— Brief —
Write out the listing in full, matching it word for word.

***

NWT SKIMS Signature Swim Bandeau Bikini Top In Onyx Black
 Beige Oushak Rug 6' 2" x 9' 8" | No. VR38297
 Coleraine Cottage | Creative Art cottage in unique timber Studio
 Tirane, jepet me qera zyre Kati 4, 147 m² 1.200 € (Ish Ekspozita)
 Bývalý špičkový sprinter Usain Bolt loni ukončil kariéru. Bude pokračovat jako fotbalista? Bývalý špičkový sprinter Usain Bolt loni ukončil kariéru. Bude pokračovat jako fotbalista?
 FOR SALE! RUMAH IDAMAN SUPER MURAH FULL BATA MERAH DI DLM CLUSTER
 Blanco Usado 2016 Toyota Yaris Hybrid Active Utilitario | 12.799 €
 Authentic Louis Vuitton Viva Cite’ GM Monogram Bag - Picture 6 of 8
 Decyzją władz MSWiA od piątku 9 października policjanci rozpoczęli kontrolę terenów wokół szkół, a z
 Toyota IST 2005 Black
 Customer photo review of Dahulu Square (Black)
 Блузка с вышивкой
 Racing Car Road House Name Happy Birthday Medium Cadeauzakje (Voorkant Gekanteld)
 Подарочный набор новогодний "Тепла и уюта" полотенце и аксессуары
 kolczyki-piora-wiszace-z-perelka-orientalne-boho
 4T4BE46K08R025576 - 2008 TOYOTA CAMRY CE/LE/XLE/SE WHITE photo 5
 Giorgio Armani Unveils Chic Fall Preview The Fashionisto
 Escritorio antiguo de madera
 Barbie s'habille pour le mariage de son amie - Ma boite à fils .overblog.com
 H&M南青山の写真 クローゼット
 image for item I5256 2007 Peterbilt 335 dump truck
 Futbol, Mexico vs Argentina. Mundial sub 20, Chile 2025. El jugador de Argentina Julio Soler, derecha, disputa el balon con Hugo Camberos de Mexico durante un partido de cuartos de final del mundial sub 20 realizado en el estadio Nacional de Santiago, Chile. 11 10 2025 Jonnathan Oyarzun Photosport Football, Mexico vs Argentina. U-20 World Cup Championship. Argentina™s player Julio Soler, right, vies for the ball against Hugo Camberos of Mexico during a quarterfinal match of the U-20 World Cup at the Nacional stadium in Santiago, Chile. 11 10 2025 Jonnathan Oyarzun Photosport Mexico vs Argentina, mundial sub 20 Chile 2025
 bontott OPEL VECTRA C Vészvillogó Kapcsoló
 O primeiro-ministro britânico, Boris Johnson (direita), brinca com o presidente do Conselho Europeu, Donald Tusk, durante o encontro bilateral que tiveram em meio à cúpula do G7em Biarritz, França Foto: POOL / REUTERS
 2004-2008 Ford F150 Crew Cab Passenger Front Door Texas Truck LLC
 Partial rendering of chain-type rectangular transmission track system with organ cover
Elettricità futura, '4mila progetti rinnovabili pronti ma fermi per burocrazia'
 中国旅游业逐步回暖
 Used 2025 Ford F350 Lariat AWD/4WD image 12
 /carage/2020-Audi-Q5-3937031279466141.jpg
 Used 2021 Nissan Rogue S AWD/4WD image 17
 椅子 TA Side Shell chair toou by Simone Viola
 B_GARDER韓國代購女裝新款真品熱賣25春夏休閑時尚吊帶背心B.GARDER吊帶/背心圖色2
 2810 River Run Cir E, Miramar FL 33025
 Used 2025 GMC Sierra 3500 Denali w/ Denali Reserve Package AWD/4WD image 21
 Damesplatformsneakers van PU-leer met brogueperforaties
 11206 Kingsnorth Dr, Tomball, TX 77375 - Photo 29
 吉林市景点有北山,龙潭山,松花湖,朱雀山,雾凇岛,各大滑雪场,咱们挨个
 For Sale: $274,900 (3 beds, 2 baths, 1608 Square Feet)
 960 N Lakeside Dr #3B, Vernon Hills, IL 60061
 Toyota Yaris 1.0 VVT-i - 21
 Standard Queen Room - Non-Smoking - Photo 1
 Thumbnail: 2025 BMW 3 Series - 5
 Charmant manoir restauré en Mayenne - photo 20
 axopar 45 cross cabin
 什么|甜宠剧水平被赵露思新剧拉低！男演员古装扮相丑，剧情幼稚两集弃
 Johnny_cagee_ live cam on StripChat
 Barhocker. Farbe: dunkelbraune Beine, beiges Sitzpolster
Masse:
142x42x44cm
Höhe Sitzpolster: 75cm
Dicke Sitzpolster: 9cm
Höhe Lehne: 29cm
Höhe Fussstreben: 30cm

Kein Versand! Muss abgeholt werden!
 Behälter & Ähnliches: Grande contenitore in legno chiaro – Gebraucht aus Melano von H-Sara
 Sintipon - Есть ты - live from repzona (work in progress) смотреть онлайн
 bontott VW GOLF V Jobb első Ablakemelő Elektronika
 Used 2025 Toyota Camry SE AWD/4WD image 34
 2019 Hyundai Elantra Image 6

***

— Solution to this exercise —
NWT SKIMS Signature Swim Bandeau Bikini Top In Onyx Black
 Beige Oushak Rug 6' 2" x 9' 8" | No. VR38297
 Coleraine Cottage | Creative Art cottage in unique timber Studio
 Tirane, jepet me qera zyre Kati 4, 147 m² 1.200 € (Ish Ekspozita)
 Bývalý špičkový sprinter Usain Bolt loni ukončil kariéru. Bude pokračovat jako fotbalista? Bývalý špičkový sprinter Usain Bolt loni ukončil kariéru. Bude pokračovat jako fotbalista?
 FOR SALE! RUMAH IDAMAN SUPER MURAH FULL BATA MERAH DI DLM CLUSTER
 Blanco Usado 2016 Toyota Yaris Hybrid Active Utilitario | 12.799 €
 Authentic Louis Vuitton Viva Cite’ GM Monogram Bag - Picture 6 of 8
 Decyzją władz MSWiA od piątku 9 października policjanci rozpoczęli kontrolę terenów wokół szkół, a z
 Toyota IST 2005 Black
 Customer photo review of Dahulu Square (Black)
 Блузка с вышивкой
 Racing Car Road House Name Happy Birthday Medium Cadeauzakje (Voorkant Gekanteld)
 Подарочный набор новогодний "Тепла и уюта" полотенце и аксессуары
 kolczyki-piora-wiszace-z-perelka-orientalne-boho
 4T4BE46K08R025576 - 2008 TOYOTA CAMRY CE/LE/XLE/SE WHITE photo 5
 Giorgio Armani Unveils Chic Fall Preview The Fashionisto
 Escritorio antiguo de madera
 Barbie s'habille pour le mariage de son amie - Ma boite à fils .overblog.com
 H&M南青山の写真 クローゼット
 image for item I5256 2007 Peterbilt 335 dump truck
 Futbol, Mexico vs Argentina. Mundial sub 20, Chile 2025. El jugador de Argentina Julio Soler, derecha, disputa el balon con Hugo Camberos de Mexico durante un partido de cuartos de final del mundial sub 20 realizado en el estadio Nacional de Santiago, Chile. 11 10 2025 Jonnathan Oyarzun Photosport Football, Mexico vs Argentina. U-20 World Cup Championship. Argentina™s player Julio Soler, right, vies for the ball against Hugo Camberos of Mexico during a quarterfinal match of the U-20 World Cup at the Nacional stadium in Santiago, Chile. 11 10 2025 Jonnathan Oyarzun Photosport Mexico vs Argentina, mundial sub 20 Chile 2025
 bontott OPEL VECTRA C Vészvillogó Kapcsoló
 O primeiro-ministro britânico, Boris Johnson (direita), brinca com o presidente do Conselho Europeu, Donald Tusk, durante o encontro bilateral que tiveram em meio à cúpula do G7em Biarritz, França Foto: POOL / REUTERS
 2004-2008 Ford F150 Crew Cab Passenger Front Door Texas Truck LLC
 Partial rendering of chain-type rectangular transmission track system with organ cover
Elettricità futura, '4mila progetti rinnovabili pronti ma fermi per burocrazia'
 中国旅游业逐步回暖
 Used 2025 Ford F350 Lariat AWD/4WD image 12
 /carage/2020-Audi-Q5-3937031279466141.jpg
 Used 2021 Nissan Rogue S AWD/4WD image 17
 椅子 TA Side Shell chair toou by Simone Viola
 B_GARDER韓國代購女裝新款真品熱賣25春夏休閑時尚吊帶背心B.GARDER吊帶/背心圖色2
 2810 River Run Cir E, Miramar FL 33025
 Used 2025 GMC Sierra 3500 Denali w/ Denali Reserve Package AWD/4WD image 21
 Damesplatformsneakers van PU-leer met brogueperforaties
 11206 Kingsnorth Dr, Tomball, TX 77375 - Photo 29
 吉林市景点有北山,龙潭山,松花湖,朱雀山,雾凇岛,各大滑雪场,咱们挨个
 For Sale: $274,900 (3 beds, 2 baths, 1608 Square Feet)
 960 N Lakeside Dr #3B, Vernon Hills, IL 60061
 Toyota Yaris 1.0 VVT-i - 21
 Standard Queen Room - Non-Smoking - Photo 1
 Thumbnail: 2025 BMW 3 Series - 5
 Charmant manoir restauré en Mayenne - photo 20
 axopar 45 cross cabin
 什么|甜宠剧水平被赵露思新剧拉低！男演员古装扮相丑，剧情幼稚两集弃
 Johnny_cagee_ live cam on StripChat
 Barhocker. Farbe: dunkelbraune Beine, beiges Sitzpolster
Masse:
142x42x44cm
Höhe Sitzpolster: 75cm
Dicke Sitzpolster: 9cm
Höhe Lehne: 29cm
Höhe Fussstreben: 30cm

Kein Versand! Muss abgeholt werden!
 Behälter & Ähnliches: Grande contenitore in legno chiaro – Gebraucht aus Melano von H-Sara
 Sintipon - Есть ты - live from repzona (work in progress) смотреть онлайн
 bontott VW GOLF V Jobb első Ablakemelő Elektronika
 Used 2025 Toyota Camry SE AWD/4WD image 34
 2019 Hyundai Elantra Image 6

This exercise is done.